Entries provided:

+--

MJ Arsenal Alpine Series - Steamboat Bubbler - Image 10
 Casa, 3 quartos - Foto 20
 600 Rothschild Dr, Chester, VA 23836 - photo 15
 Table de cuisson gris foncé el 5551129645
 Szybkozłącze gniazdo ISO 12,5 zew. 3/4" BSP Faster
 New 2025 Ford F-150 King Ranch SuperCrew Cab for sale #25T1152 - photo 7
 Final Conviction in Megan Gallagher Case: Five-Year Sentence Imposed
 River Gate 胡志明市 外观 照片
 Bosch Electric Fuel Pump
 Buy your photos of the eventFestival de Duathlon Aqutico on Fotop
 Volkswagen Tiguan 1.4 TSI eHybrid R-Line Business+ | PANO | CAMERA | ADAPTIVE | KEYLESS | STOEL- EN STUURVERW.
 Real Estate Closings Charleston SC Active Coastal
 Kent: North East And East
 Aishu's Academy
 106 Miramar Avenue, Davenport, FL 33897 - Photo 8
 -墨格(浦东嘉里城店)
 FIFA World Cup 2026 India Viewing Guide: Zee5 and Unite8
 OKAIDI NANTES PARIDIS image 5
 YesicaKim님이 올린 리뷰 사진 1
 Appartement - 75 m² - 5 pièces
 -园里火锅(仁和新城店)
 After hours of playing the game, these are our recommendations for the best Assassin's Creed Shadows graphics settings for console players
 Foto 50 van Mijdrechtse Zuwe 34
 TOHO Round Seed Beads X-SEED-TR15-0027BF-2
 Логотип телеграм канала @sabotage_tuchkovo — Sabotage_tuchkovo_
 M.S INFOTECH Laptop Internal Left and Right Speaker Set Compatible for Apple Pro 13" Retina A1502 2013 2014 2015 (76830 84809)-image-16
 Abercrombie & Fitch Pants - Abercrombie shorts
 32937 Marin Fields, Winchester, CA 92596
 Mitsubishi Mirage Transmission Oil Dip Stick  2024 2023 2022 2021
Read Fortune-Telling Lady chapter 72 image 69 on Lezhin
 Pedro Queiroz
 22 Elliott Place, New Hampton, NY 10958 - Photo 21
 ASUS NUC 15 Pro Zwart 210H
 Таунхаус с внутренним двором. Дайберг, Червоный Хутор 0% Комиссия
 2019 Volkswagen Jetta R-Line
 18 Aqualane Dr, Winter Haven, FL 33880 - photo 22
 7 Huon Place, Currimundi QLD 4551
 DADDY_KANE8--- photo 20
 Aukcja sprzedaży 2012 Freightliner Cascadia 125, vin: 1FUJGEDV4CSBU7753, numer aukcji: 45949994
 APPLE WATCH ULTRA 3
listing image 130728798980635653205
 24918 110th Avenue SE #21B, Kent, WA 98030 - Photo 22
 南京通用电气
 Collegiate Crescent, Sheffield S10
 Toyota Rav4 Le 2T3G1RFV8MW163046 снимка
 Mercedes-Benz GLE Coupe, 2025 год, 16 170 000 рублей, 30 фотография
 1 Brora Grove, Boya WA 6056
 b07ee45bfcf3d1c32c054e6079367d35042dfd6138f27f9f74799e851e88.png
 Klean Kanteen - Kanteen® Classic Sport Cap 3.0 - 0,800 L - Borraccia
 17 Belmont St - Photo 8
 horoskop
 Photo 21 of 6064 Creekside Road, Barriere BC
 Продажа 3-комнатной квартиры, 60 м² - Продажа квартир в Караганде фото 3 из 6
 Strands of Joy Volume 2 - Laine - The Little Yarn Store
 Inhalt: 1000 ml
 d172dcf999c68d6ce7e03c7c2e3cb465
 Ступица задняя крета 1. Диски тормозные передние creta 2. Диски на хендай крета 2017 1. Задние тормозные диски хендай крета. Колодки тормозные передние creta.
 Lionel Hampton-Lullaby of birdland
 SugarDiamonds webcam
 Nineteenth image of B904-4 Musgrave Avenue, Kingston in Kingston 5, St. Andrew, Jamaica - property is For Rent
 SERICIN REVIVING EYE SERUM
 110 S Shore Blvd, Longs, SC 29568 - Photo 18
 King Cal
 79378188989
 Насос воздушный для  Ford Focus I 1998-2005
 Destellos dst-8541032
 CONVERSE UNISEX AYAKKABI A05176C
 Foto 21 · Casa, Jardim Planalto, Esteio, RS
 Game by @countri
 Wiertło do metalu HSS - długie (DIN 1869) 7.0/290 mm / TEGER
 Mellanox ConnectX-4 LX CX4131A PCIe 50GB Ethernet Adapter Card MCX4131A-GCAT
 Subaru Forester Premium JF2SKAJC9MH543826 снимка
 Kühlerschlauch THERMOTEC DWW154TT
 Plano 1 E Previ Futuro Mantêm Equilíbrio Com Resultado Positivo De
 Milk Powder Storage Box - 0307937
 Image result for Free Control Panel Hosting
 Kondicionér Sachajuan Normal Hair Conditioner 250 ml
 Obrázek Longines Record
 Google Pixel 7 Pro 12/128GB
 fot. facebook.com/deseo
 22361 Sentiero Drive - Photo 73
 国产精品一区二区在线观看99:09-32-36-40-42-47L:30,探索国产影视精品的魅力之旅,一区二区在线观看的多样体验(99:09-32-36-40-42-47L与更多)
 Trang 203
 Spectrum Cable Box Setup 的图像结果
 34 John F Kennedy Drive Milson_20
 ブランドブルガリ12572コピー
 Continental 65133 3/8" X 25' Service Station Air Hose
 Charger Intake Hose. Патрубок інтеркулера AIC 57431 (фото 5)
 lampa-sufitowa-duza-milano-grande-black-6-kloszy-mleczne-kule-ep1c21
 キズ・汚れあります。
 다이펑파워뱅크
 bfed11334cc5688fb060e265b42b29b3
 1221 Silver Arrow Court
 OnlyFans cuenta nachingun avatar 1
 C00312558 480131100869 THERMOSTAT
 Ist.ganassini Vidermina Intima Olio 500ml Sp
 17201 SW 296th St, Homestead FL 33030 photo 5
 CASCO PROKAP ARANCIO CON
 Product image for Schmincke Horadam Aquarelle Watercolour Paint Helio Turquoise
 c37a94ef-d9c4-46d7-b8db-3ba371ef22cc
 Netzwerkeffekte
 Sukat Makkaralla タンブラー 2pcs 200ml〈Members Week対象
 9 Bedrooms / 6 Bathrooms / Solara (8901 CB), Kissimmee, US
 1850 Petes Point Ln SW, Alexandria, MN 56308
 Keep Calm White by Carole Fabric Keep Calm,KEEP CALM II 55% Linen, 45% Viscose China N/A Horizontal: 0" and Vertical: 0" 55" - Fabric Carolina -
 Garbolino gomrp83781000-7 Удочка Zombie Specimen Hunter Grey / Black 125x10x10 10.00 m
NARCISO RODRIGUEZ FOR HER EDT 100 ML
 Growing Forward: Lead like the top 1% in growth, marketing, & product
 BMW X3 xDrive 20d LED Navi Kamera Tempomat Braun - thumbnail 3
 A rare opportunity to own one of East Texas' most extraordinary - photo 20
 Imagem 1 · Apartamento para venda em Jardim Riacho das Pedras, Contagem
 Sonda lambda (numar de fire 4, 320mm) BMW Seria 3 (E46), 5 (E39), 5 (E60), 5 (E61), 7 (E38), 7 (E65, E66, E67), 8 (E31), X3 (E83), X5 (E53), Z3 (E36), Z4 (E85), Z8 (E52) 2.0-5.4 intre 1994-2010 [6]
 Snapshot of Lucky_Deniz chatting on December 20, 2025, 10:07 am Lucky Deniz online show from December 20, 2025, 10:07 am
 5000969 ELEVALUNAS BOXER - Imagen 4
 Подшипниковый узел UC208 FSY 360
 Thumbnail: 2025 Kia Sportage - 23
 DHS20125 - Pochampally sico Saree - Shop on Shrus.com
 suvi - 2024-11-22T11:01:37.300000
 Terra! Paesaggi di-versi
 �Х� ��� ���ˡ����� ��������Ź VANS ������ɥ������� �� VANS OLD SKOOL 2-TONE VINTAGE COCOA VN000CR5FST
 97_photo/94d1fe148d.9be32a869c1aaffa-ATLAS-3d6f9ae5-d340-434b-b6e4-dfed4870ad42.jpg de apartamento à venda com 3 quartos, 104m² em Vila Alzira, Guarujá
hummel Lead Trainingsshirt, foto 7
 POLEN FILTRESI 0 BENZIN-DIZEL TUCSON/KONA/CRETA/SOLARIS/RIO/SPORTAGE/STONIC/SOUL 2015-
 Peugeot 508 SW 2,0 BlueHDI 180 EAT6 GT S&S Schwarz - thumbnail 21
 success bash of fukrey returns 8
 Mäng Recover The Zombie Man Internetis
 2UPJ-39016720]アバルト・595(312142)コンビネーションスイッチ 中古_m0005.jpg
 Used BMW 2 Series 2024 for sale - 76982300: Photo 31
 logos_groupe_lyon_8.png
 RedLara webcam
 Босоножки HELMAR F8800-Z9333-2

+--

Work instructions: From the entries above, extract only the lines running from the one containing "Destellos dst-8541032" through the one containing "Garbolino gomrp83781000-7 Удочка", inclusive.

Response:
 Destellos dst-8541032
 CONVERSE UNISEX AYAKKABI A05176C
 Foto 21 · Casa, Jardim Planalto, Esteio, RS
 Game by @countri
 Wiertło do metalu HSS - długie (DIN 1869) 7.0/290 mm / TEGER
 Mellanox ConnectX-4 LX CX4131A PCIe 50GB Ethernet Adapter Card MCX4131A-GCAT
 Subaru Forester Premium JF2SKAJC9MH543826 снимка
 Kühlerschlauch THERMOTEC DWW154TT
 Plano 1 E Previ Futuro Mantêm Equilíbrio Com Resultado Positivo De
 Milk Powder Storage Box - 0307937
 Image result for Free Control Panel Hosting
 Kondicionér Sachajuan Normal Hair Conditioner 250 ml
 Obrázek Longines Record
 Google Pixel 7 Pro 12/128GB
 fot. facebook.com/deseo
 22361 Sentiero Drive - Photo 73
 国产精品一区二区在线观看99:09-32-36-40-42-47L:30,探索国产影视精品的魅力之旅,一区二区在线观看的多样体验(99:09-32-36-40-42-47L与更多)
 Trang 203
 Spectrum Cable Box Setup 的图像结果
 34 John F Kennedy Drive Milson_20
 ブランドブルガリ12572コピー
 Continental 65133 3/8" X 25' Service Station Air Hose
 Charger Intake Hose. Патрубок інтеркулера AIC 57431 (фото 5)
 lampa-sufitowa-duza-milano-grande-black-6-kloszy-mleczne-kule-ep1c21
 キズ・汚れあります。
 다이펑파워뱅크
 bfed11334cc5688fb060e265b42b29b3
 1221 Silver Arrow Court
 OnlyFans cuenta nachingun avatar 1
 C00312558 480131100869 THERMOSTAT
 Ist.ganassini Vidermina Intima Olio 500ml Sp
 17201 SW 296th St, Homestead FL 33030 photo 5
 CASCO PROKAP ARANCIO CON
 Product image for Schmincke Horadam Aquarelle Watercolour Paint Helio Turquoise
 c37a94ef-d9c4-46d7-b8db-3ba371ef22cc
 Netzwerkeffekte
 Sukat Makkaralla タンブラー 2pcs 200ml〈Members Week対象
 9 Bedrooms / 6 Bathrooms / Solara (8901 CB), Kissimmee, US
 1850 Petes Point Ln SW, Alexandria, MN 56308
 Keep Calm White by Carole Fabric Keep Calm,KEEP CALM II 55% Linen, 45% Viscose China N/A Horizontal: 0" and Vertical: 0" 55" - Fabric Carolina -
 Garbolino gomrp83781000-7 Удочка Zombie Specimen Hunter Grey / Black 125x10x10 10.00 m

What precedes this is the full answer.